## WORK INSTRUCTION:
Of the entries below, return exactly those lines that fall between the one containing "And since the" and the one containing "Welcome to the Discord", the two end lines included.

[Stored data entries]

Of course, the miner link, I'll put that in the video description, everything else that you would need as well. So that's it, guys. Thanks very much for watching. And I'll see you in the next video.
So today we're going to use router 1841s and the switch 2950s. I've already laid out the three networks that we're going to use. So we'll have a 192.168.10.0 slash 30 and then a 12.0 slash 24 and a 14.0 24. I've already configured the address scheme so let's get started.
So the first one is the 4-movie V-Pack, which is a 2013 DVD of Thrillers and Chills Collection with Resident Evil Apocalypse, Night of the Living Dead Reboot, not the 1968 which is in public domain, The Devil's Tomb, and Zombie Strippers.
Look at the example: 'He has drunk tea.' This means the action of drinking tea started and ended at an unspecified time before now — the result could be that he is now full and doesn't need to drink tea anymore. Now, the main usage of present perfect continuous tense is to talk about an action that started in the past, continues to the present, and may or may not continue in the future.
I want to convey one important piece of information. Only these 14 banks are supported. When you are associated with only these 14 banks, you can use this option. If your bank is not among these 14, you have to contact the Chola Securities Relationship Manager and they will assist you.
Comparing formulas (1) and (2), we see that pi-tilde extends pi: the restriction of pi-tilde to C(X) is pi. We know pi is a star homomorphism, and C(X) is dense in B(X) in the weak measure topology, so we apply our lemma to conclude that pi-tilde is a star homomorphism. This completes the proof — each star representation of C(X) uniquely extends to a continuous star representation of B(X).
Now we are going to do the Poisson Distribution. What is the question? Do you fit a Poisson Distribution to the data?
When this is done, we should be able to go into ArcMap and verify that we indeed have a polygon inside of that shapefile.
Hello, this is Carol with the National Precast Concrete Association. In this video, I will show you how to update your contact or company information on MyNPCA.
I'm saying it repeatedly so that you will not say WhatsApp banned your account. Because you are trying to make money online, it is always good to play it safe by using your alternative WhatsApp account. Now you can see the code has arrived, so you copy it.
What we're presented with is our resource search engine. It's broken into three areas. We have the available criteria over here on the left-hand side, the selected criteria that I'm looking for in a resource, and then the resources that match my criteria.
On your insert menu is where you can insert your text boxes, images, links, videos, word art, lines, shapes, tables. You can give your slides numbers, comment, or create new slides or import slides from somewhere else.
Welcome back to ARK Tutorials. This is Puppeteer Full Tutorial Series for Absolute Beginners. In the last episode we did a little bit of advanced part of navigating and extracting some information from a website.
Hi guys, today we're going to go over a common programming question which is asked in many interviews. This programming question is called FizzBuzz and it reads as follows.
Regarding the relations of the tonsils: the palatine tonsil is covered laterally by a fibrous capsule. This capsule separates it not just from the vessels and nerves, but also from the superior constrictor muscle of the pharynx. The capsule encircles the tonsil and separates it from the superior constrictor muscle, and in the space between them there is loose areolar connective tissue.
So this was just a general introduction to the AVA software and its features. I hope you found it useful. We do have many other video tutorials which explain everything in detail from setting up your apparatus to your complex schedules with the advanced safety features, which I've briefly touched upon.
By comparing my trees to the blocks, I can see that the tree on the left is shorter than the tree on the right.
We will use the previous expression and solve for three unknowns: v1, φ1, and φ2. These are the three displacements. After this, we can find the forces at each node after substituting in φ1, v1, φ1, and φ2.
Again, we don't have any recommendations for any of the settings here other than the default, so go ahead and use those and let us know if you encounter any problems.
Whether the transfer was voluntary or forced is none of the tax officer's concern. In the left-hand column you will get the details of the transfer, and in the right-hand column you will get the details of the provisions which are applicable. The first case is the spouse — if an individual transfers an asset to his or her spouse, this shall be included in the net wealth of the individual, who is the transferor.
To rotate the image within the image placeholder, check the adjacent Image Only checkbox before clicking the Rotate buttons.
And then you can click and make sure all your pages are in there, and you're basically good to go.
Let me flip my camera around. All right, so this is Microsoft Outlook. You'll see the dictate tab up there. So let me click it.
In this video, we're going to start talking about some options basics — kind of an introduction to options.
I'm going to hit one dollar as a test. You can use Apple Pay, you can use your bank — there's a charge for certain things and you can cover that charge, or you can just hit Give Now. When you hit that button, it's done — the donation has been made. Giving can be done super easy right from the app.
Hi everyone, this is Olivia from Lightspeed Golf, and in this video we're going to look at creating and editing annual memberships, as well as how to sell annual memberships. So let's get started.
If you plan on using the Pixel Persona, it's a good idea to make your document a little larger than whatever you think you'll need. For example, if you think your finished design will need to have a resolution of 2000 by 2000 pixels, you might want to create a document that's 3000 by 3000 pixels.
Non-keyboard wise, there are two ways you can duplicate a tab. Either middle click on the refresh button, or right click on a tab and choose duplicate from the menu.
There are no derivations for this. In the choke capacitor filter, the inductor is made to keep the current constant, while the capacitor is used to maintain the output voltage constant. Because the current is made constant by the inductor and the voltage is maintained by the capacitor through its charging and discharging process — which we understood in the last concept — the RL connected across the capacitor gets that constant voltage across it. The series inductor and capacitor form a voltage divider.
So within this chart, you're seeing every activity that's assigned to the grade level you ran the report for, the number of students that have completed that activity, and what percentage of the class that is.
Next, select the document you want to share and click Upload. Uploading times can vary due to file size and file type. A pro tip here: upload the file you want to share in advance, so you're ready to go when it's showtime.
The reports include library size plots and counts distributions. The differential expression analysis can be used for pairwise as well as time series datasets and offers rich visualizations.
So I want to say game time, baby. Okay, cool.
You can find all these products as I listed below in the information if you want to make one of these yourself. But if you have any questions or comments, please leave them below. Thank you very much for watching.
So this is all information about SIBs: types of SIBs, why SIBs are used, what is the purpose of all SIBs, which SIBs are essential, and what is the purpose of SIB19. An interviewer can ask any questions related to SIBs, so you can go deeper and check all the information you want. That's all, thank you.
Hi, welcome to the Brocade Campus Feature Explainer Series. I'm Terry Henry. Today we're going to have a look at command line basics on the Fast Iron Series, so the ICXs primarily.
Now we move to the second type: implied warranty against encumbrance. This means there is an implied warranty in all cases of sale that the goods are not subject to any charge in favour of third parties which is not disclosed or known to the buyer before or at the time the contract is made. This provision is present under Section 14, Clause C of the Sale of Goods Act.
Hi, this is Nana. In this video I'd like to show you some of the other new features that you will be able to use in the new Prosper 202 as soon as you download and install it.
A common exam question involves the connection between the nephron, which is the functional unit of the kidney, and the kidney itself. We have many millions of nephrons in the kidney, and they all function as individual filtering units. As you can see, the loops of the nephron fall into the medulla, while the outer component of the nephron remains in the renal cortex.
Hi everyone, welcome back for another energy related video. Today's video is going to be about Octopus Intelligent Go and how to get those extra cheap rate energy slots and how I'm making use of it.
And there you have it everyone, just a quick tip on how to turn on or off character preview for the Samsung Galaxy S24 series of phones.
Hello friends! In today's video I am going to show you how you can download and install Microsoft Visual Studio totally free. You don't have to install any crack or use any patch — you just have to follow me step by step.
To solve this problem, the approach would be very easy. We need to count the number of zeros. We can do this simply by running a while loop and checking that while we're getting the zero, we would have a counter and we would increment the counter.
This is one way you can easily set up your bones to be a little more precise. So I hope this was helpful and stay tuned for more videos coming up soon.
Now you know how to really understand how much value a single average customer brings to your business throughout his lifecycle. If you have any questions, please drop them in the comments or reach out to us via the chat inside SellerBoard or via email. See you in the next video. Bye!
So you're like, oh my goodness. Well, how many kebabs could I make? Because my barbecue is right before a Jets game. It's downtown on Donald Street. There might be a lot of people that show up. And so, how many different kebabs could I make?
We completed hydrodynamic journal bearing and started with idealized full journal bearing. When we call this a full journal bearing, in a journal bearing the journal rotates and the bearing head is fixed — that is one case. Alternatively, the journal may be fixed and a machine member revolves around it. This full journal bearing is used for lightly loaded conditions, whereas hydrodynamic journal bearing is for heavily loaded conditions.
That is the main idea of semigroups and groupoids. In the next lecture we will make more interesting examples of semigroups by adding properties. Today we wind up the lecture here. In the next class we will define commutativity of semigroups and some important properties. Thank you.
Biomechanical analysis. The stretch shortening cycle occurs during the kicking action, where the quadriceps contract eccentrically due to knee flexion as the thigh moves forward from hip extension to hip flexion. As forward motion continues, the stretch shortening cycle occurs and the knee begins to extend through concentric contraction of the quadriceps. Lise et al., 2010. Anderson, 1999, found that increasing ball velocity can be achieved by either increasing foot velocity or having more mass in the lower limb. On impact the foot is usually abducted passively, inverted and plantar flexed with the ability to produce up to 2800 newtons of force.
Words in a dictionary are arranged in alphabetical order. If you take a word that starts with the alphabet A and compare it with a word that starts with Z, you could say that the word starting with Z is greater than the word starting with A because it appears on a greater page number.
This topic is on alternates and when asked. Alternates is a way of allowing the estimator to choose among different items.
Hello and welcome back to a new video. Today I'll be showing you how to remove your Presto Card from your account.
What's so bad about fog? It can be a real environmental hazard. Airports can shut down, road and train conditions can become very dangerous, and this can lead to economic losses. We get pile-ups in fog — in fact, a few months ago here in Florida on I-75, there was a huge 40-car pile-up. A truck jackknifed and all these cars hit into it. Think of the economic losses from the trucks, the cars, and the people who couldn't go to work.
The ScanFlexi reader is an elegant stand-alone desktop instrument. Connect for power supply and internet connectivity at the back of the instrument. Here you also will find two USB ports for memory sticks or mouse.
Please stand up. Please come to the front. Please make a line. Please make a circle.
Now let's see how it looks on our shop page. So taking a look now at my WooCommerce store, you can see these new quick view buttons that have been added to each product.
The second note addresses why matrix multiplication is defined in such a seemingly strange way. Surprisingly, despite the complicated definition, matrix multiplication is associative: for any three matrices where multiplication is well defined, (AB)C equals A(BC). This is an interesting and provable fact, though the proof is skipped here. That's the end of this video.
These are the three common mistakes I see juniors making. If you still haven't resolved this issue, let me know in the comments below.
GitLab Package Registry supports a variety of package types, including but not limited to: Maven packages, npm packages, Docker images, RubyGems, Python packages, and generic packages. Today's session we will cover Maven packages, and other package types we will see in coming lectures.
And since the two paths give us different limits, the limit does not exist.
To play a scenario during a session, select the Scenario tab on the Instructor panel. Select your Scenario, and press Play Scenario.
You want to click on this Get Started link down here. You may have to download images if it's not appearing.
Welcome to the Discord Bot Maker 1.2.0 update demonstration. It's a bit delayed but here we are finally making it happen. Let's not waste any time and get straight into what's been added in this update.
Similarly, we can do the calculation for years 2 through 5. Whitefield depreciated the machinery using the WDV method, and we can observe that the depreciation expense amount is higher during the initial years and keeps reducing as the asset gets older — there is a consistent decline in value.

## EXPECTED ANSWER:
And since the two paths give us different limits, the limit does not exist.
To play a scenario during a session, select the Scenario tab on the Instructor panel. Select your Scenario, and press Play Scenario.
You want to click on this Get Started link down here. You may have to download images if it's not appearing.
Welcome to the Discord Bot Maker 1.2.0 update demonstration. It's a bit delayed but here we are finally making it happen. Let's not waste any time and get straight into what's been added in this update.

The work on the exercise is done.